Mi penúltima postal de verano me la sellaron la semana pasada en la gasolinera, entre la gente que se agolpaba en el mostrador para pagar la sin plomo, las barras de pan, las revistas o las botellas de agua mineral. Aguardaba paciente mi turno con la tarjeta de crédito en la mano, cuando un individuo que tenía prisa se metió casi por encima para adelantarse. No me importó el asunto, porque lo mismo daban cinco minutos más. Lo que me alteró el karma fue que el fulano, un tipo maduro y peludo que iba vestido con sólo un bañador y unas zapatillas pese a hallarnos a ciento cincuenta kilómetros de la playa más próxima, me restregó toda su sudorosa humanidad en el afán por arrimarse al mostrador, llegando a colocarme una axila en mitad del hocico. Una axila en la que un largo viaje por carretera había dejado inequívocas huellas. Nunca profesé en la regla de san Francisco, así que le aticé un codazo en el hígado con cuanta mala leche pude, que fue mucha, y luego dije «perdón» mirándolo con esa cara de loco que ponen quienes ya les dan lo mismo dos que veinte, y están dispuestos a romper un casco de botella y llevarse por delante a Cristo bendito, a Sansón y a todos los filisteos. Me miró como pensando anda tú, a ver qué le pasa a éste. Luego pagó y se fue tan campante. Pensando, a lo mejor, que ese chalado de la gasolinera se parecía un huevo al hijoputa del Reverte.

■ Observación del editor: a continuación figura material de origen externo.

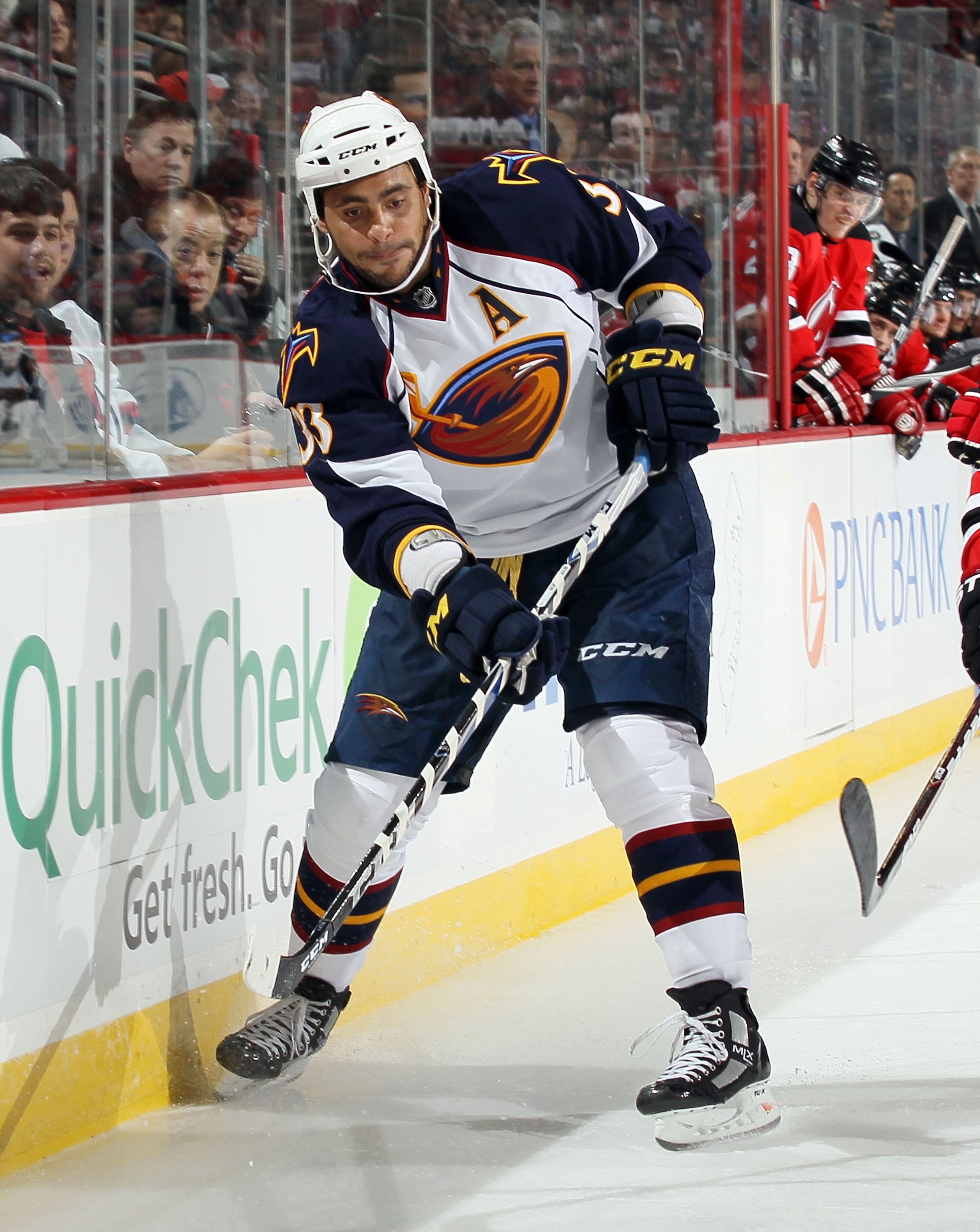 NEWARK, NJ - DECEMBER 31: Dustin Byfuglien #33 of the Atlanta Thrashers skates against the New Jersey Devils at the Prudential Center on December 31, 2010 in Newark, New Jersey. The Devils defeated the Thrashers 3-1. (Photo by Jim McIsaac/Getty Images) NEWARK, NJ - DECEMBER 31: Dustin Byfuglien #33 of the Atlanta Thrashers skates against the New Jersey Devils at the Prudential Center on December 31, 2010 in Newark, New Jersey. The Devils defeated the Thrashers 3-1. (Photo by Jim McIsaac/Getty Images)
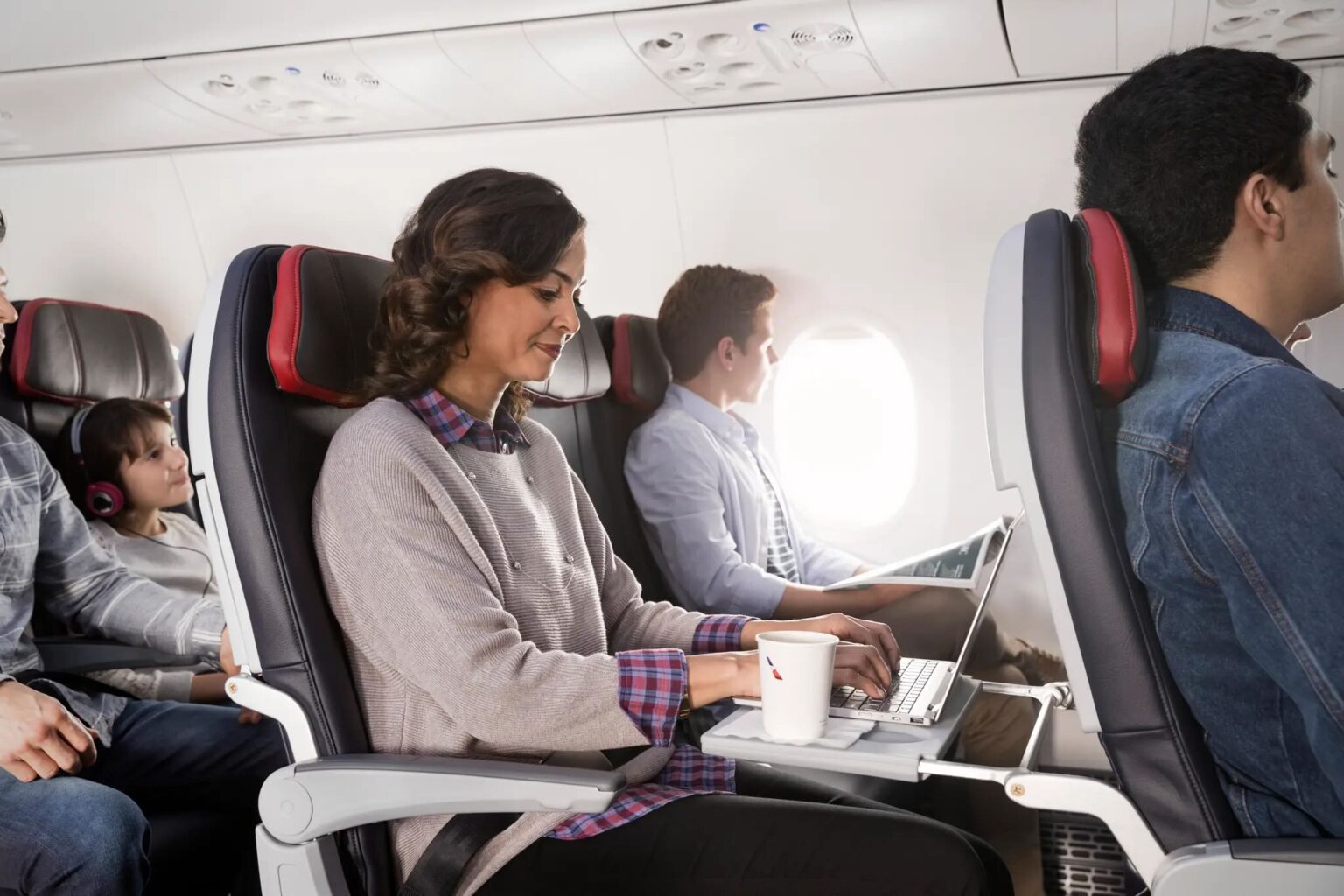 a woman sitting in an airplane with a laptop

La otra postal es de una isla de la que hace cinco o seis años les hablé a ustedes, en un artículo titulado precisamente El chulo de la isla. Lamentaba entonces las maneras con que un militar de paisano había expulsado de la orilla —es zona militar del Centro de Buceo de la Armada— a los barcos y botes que fondeaban demasiado cerca; aunque luego supe que no era culpa del pobre hombre, un suboficial de marina, y que el almirante de entonces, que estaba bañándose allí con la familia, le había exigido que despejara el terreno porque le incordiaba la gente. El caso es que hace unos seis días volví al mismo sitio. Fondeé como muchos otros en seis metros de sonda, lejos, en el lugar adecuado, fuera de las balizas que marcan la zona prohibida. Pero comprobé que había docenas de barcos de todo tamaño pegados a la isla, chocando unos con otros y amontonados en la orilla, incluidos veraneantes (y veraneantas) que paseaban tranquilamente por la playa, bajo unos carteles enormes donde podía leerse sin ayuda de prismáticos ni nada: «Zona militar. Manténgase a 300 metros». Y debo confesar que entonces lamenté no ser almirante de la mar océana, para ordenar a los marineritos que desde tierra asistían impotentes a semejante putiferio —nadie les hacía maldito caso—, a despejar aquello con unos cuantos torpedos. Bum. Tocado. Bum. Hundido.

Y sin embargo, de aquella isla conservo una imagen que disipa todas las otras. Un hombre y su perro se bañaban juntos, mar adentro. Se veía la cabeza negra del animal junto a la de su amo, siguiéndolo fiel, chapoteando a su lado, girándose a esperarlo cuando se retrasaba. Y esa cabeza leal, enternecedora, oscura y peluda, obró de pronto el milagro de reconciliarme en el acto con miles de cosas que en ese momento detestaba con toda mi alma. Por ese perro, pensé, lamentaría que se ahogara el amo.